Il semble qu’entre le 10 et le 14 juillet, avant le déclenchement de la rafle, les spécialistes de la question juive à Paris s’aperçoivent des conséquences, problématiques pour eux, de l’accord conclu avec Vichy. En réduisant « la cible » aux seuls Juifs apatrides, il n’est pas possible d’atteindre les objectifs prévus. Effectivement, lorsque la rafle est déclenchée, le 16 et le 17 juillet 1942, alors qu’on escomptait appréhender 22 000 Juifs adultes entre 16 et 50 ans, il n’y aura que 9037 Juifs de plus de 16 ans, soit à peine plus de 41 % de ce qui était prévu. On comprend pourquoi il devient indispensable, du point de vue des nazis, de déporter également les enfants, ce qui ajoute encore 20 % de déportés potentiels. C’est donc parce que les Allemands ont accepté à la demande de Vichy de n’arrêter que les Juifs apatrides qu’ils vont décider de déporter également les enfants de ces Juifs apatrides, tout simplement pour « faire du chiffre ».
En conclusion
Je n’ai pas pu, bien entendu, entrer dans toutes les questions et dans tous les détails de ces journées terribles de juillet 1942, mais la conclusion est claire et peut se résumer ainsi :
- La décision d’organiser la rafle est une décision allemande et le cadre des arrestations a été prévu par la Gestapo-SS. La police parisienne s’est contentée d’obéir à ces instructions comme cela avait été le cas lors des rafles de 1941.
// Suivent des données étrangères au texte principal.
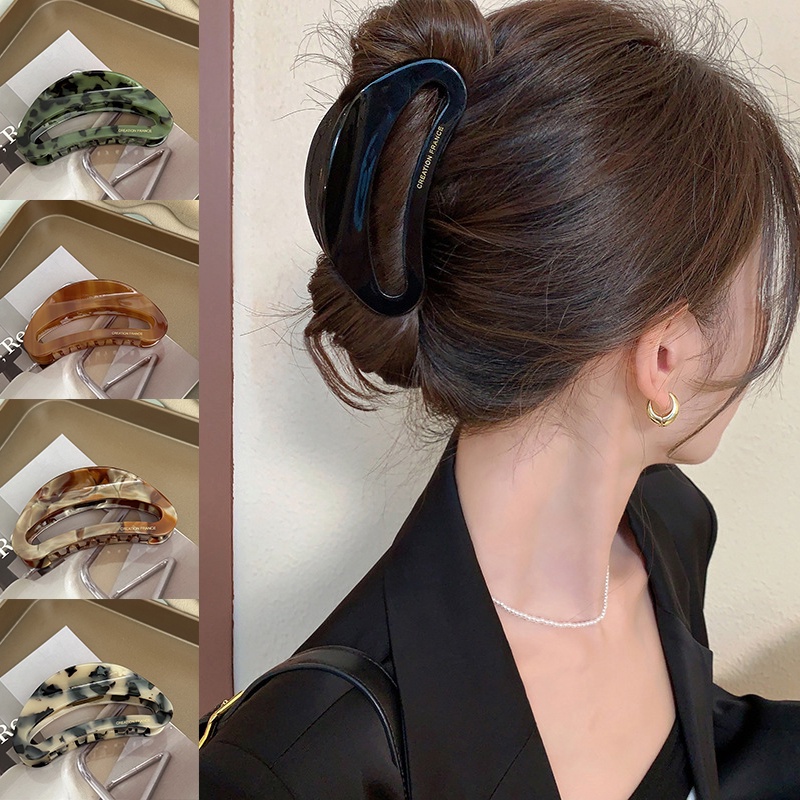 Glamorous ยางรัดผม พิมพ์ลายเสือดาว 9.5 ซม. สําหรับผู้หญิง และเด็กผู้หญิง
- Le gouvernement de Vichy a accepté de jouer un rôle actif dans ces arrestations pour deux raisons : limiter les arrestations aux Juifs apatrides, afin que les Juifs français ne soient pas touchés, et se débarrasser eux-mêmes d’un certain nombre de Juifs étrangers qui se trouvent en zone sud.
- Vichy, et en particulier le chef du gouvernement, Laval, n’a pas demandé que l’on arrête et que l’on déporte les enfants de Juifs apatrides lors de la rafle du Vél d’Hiv. Il a seulement imposé que les Juifs apatrides de zone sud soient livrés par familles entières, et pas seulement les adultes, question qui n’est pas liée avec la rafle du Vél d’Hiv.
- En conséquence de la limitation des arrestations aux seuls Juifs apatrides, les Allemands ont dû supprimer des déportations de province, et la rafle du Vél d’Hiv n’a pas atteint l’objectif qu’ils avaient espéré.
- Pour combler le manque de personnes arrêtées, les Allemands ont décidé de déporter également les enfants arrêtés lors de la rafle du Vél d’Hiv, au lieu qu’ils soient confiés à l’Assistance publique et à l’UGIF.
- Vichy a donc été complice de la rafle, et non son initiateur. Mais cette complicité a paradoxalement limité les dégâts en limitant le nombre d’arrestations. Bien sûr, cette conséquence n’avait pas été volontaire et Vichy n’avait sans doute pas plus réfléchi à cela que les nazis eux-mêmes. Son but était, d’abord et avant tout, de protéger les Juifs français, y compris ceux de zone occupée. Comme l’écrivait déjà le grand historien américain Raoul Hilberg dans son ouvrage central sur la Shoah : « Quand la pression allemande s’intensifia en 1942, le gouvernement de Vichy se retrancha derrière une seconde ligne de défense. Les Juifs étrangers et les immigrants furent abandonnés à leur sort, et l’on s’efforça de protéger les Juifs nationaux. Dans une certaine mesure, cette stratégie réussit. En renonçant à épargner une fraction, on sauva une grande partie de la totalité». (La destruction des Juifs d’Europe, Gallimard, Folio histoire 2006, p. 1122-1123).
Finalement, le seul mystère qui reste non résolu est celui d’expliquer pourquoi, de Serge Klarsfeld à Henry Rousso, l’historiographie française s’entête dans un récit extrême noircissant Vichy en contradiction avec les faits historiques?